A Bump Roughness map helps keep those micro details in the wide and medium shots as shown in this closeup example below.

This is not only is this an improvement in technology, but this technique allows you to enhance your storytelling with wear and aging. 

Photorealism is all in the details !




There are many other types of materials that benefit from the added detail that Bump Roughness maps bring, such as carbon fibre, metals, plastics and fabrics.


© Disney/ Pixar


PxrBumpRoughness

b2r Texture

This expects the first derivative map, let H be a height field, then each channel are defined as r=dH/du, g=dH/dv, b=dontcare


Texture Type

Map type to be used as your Bump Roughness Map


TxMake Icon

Show settings in Texture Manager


Manifold

Connect a manifold node here to control the position, rotation and tiling of your Bump Roughness map


Multi Manifold

Connect a PxrHexTileManifold or PxrRoundCube Manifold here.

Bump Roughness

Base Roughness

This is the roughness of the base surface when fully zoomed into the detail


Texture Roughness

Set the texture roughness to be provided by the input textures when fully zoomed out from the detail.

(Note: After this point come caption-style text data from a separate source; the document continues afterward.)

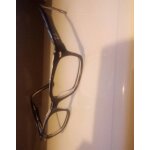 Monture lunette de vue rayban - couleur noire Monture lunette de vue rayban - couleur noire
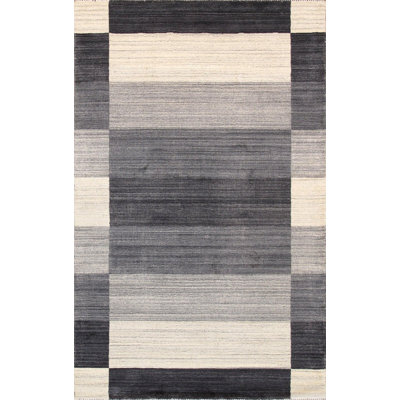 Striped Rug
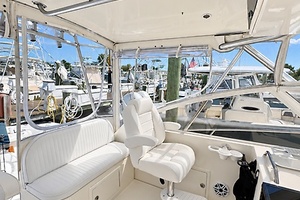 Pole Position  28ft Carolina Classic Yacht For Sale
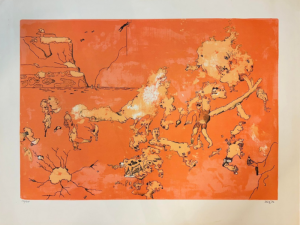 Gunnar Saietz 54x68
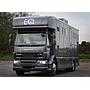 2023 EQ In-build 18 tonne DAF Luxury Work Truck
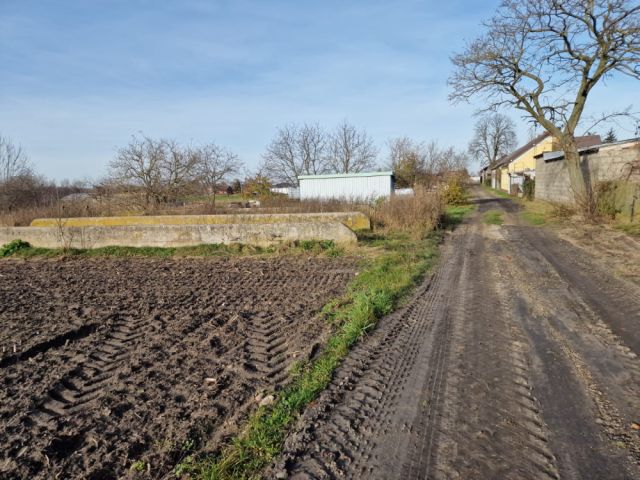 Działka rolna Biskupice. Zdjęcie 8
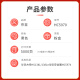 La versión Jingcheng Plus es adecuada para Huaxun Ark HS1381 HS1381E HC5974 Cartucho de tóner de tóner de tóner láser en blanco y negro HC5970 Fácil de agregar tipo de polvo con chip listo para usar]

It is combined with the base roughness. The default of -1.0 lets the texture provide its natural roughness.


Gain

This is a multiplier to the aggregate roughness


Bump Normal Gain

multiplier to the normal map magnitude


Anisotropy Gain

This is a multiplier to the aggregate anisotropy


Advanced

Adjust Amount

Amount to adjust the normals when they are facing away from the camera


Surface Mix

The amount to mix the resulting normals with the surface normals


Blur

Amount of blur to apply to texture lookup.


Filter

Which filter to use. (unfiltered/closest not advisable for displacement.)


Filter Scale

Multiplies the size of the texture filter, less than one for sharper textures.